Pick out each line in these entries that contains the string "Image".

** Records for the exercise **
BEGIN

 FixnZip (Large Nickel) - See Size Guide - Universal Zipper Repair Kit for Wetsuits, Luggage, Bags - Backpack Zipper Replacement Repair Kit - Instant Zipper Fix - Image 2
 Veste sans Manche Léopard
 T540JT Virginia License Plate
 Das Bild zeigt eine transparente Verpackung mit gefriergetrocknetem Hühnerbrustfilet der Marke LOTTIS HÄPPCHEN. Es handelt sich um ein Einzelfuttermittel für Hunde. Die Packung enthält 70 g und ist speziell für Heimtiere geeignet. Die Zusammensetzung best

END
BEGIN

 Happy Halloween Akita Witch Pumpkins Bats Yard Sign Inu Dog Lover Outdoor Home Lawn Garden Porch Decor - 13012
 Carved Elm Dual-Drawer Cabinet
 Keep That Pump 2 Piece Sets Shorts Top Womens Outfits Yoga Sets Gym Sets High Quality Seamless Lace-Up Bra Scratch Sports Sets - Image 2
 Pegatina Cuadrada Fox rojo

END

** Task response **
 FixnZip (Large Nickel) - See Size Guide - Universal Zipper Repair Kit for Wetsuits, Luggage, Bags - Backpack Zipper Replacement Repair Kit - Instant Zipper Fix - Image 2
 Keep That Pump 2 Piece Sets Shorts Top Womens Outfits Yoga Sets Gym Sets High Quality Seamless Lace-Up Bra Scratch Sports Sets - Image 2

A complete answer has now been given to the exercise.